Closed atalw closed 3 months ago
hey thanks for this! i think it will be useful to have the file names indicate where it was taken from rather than what it is about. Also I think gpt4o will be MUCH better for OCR; but I'm good to merge this now!
The filenames are the same as the PDF names that are on Chadnet. And unfortunately, GPT-4o doesn't do a good job of OCR. It hallucinates, skips paragraphs, and reorders them. Surya is actually SOTA for this narrow task.

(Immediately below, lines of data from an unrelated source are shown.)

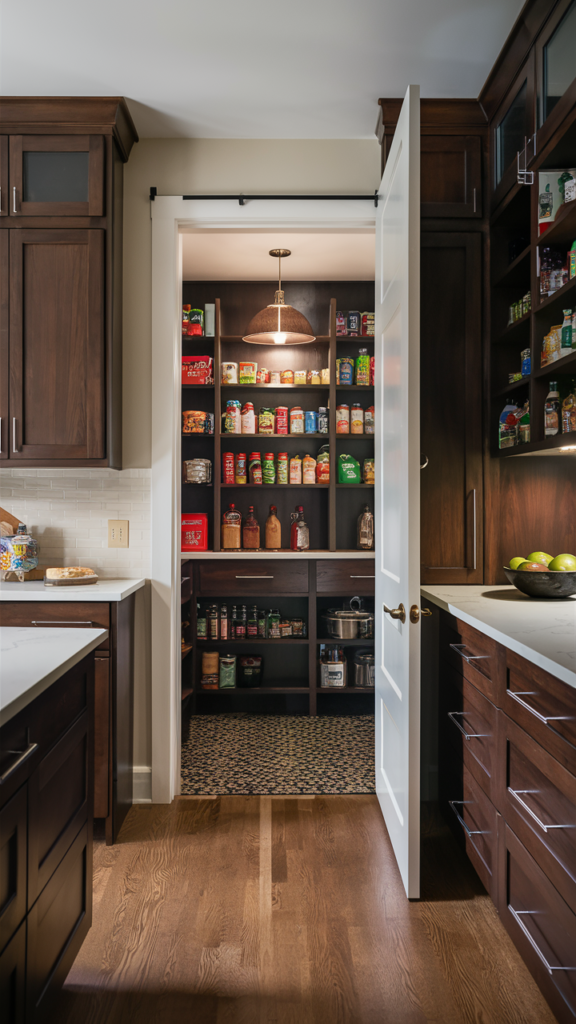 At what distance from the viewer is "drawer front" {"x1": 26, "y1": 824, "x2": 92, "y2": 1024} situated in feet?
4.16

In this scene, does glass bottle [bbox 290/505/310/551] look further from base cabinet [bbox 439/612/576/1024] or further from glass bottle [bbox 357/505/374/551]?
base cabinet [bbox 439/612/576/1024]

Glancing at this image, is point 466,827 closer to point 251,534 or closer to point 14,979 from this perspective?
point 14,979

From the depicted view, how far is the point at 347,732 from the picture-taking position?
3.62m

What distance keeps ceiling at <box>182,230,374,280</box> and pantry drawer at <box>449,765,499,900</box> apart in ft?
8.46

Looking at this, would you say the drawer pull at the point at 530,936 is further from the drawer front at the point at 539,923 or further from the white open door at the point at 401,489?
the white open door at the point at 401,489

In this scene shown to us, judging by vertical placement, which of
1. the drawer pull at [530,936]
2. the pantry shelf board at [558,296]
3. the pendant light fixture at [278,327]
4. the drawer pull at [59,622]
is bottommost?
the drawer pull at [530,936]

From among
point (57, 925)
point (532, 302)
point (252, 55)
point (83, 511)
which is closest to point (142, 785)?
point (83, 511)

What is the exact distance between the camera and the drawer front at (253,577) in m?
3.84

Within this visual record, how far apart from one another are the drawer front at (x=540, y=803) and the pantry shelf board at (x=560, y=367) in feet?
3.29

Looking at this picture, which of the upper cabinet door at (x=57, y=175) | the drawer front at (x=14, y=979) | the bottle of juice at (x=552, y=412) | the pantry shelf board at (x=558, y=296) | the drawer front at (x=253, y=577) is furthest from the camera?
the drawer front at (x=253, y=577)

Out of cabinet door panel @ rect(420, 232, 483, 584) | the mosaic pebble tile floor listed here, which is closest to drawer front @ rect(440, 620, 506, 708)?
cabinet door panel @ rect(420, 232, 483, 584)

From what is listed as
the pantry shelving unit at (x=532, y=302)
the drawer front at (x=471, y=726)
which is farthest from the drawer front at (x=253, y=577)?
the pantry shelving unit at (x=532, y=302)

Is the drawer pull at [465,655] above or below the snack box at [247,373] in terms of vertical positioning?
below

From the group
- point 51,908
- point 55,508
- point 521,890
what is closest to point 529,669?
point 521,890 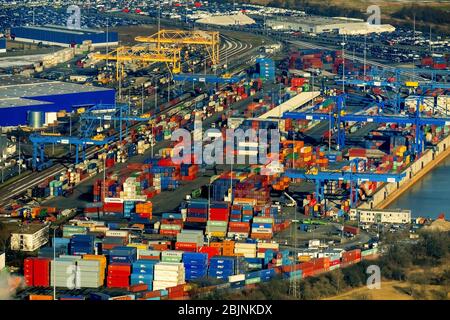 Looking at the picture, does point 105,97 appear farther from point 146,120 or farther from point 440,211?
point 440,211

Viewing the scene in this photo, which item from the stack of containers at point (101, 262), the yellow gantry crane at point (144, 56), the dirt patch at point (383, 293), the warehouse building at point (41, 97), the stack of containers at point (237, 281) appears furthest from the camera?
the yellow gantry crane at point (144, 56)

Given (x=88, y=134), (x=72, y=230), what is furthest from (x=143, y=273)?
(x=88, y=134)

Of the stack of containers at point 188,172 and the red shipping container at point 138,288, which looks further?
the stack of containers at point 188,172

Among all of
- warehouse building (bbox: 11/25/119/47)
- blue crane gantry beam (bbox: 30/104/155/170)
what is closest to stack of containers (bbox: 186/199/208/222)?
blue crane gantry beam (bbox: 30/104/155/170)

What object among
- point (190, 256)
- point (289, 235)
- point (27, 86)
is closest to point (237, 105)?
point (27, 86)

can you give me an example of a document that GPT-4o has a hard time with? The ones i've tried so far have been perfect.
Just tried one: 'Adaptogenic Milk' with a prompt: "Can you transcribe this document? Include all pages, order the paragraphs correctly, and do not make up new information."
It was rewording sentences, making up new ones, changed paragraph order, and didn't complete the doc either, probably because of context limits. Perhaps the prompt could be improved?
Just tried it with "Adaptogenic Milk", first page was perfect.
https://chat.openai.com/share/b2c9b554-a4a7-4d33-8427-5b03f534d202
I used this prompt
please extract the text of this document, output in markdown format
it has two columns
Here's a comparison, the original is copy/pasted directly from the PDF, the modified is from gpt4o
With my prompt it gets messed up later in the document and subtly in various places earlier. It didn't complete the doc either and made up the last paragraph. Here's the diff from the doc just merged (spacing adjusted) vs GPT.
I tried it with your prompt and it does much better. Maybe requesting a markdown output was the trick. Here's the diff. https://chat.openai.com/share/e1998e57-f21d-4357-af42-f74768f6abb3
IMO, I'm more confident in Surya as it won't hallucinate but it's nice to have the actual spacing and punctation that GPT outputs. This document itself is really clean so both of these outputs are very similar but I wonder how they'd fair up against a document with more complications like handwritten notes, markings, ads, etc.
Used Surya OCR for all the conversions. I think there is around 90% accuracy, so it's still not perfect and may need manual clean ups for many docs.